Saat itu, rasa putus asa yang mendalam sedang membutakan mata mereka. Kegagalan demi kegagalan dalam memperjuangkan cinta mereka yang tak direstui, membekukan nalar mereka. Juga dinginnya hujan di pegunungan yang menumbuhkan hasrat untuk mendapatkan kehangatan. Di saat hasrat cinta yang terkekang mencari muaranya. Lalu penyesalan yang begitu dalam membuat mereka tak menghiraukan lagi betapa pun lebatnya hujan, untuk mereka segera pergi meninggalkan Tawangmangu melalui jalanan berkelok-kelok ini. Dengan berurai air mata.

Aryani menggeleng-gelengkan kepalanya untuk mengusir kenangan pahit atas kejadian itu. Kejadian yang begitu mereka sesali. Meski kejadian itu hanya sekali, dan tak pernah lagi terulang sepanjang hidupnya, namun seolah membekaskan noda yang tak pernah bisa hilang pada dirinya, meski dia telah membuat pengakuan dosa pada Tuhannya.

Aryani terbangun dari lamunannya ketika terlihat olehnya pintu gerbang hotel tempat ia menginap.

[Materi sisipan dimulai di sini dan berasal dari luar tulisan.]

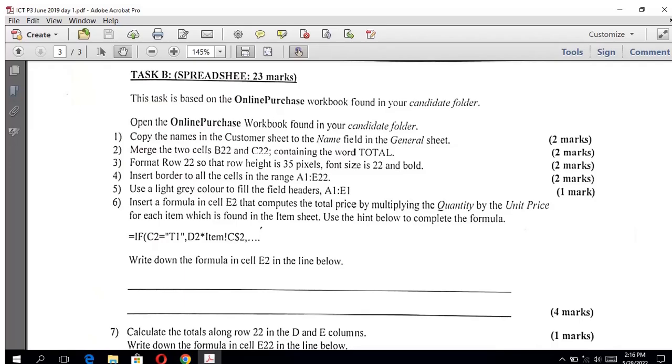Welcome back to my YouTube channel. Today we are going to be answering the question on ICT June 2019.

Seolah baru sadar, tiba-tiba ia ragu dimanakah ia akan shareloc untuk menemui Arya? Apakah ia akan menemuinya di hotel? Apakah nanti tidak timbul anggapan yang kurang pantas bahwa seorang wanita mengajak bertemu seorang pria di sebuah hotel? Tapi jika tidak di hotel, lalu dimana?

Aryani semakin bingung ketika ia sudah tepat berada di pintu gerbang hotelnya. Namun ia tidak berhenti.

"Biarlah apa kata Mas Arya, atau siapa pun. Toh aku akan menemui Mas Arya di lobby, bukannya di kamar," demikian akhirnya Aryani mengambil keputusan.

Maka sejenak kemudian, begitu turun mobil disempatkannya untuk share lokasi hotelnya ke Arya. Baru kemudian ia melangkah masuk dan langsung menuju ke kamarnya. Sementara hujan pun telah reda.

*****

Keluar dari kamar mandi, Aryani mematut diri di depan cermin kamarnya.

"Apakah aku harus ganti baju?" tanyanya pada diri sendiri.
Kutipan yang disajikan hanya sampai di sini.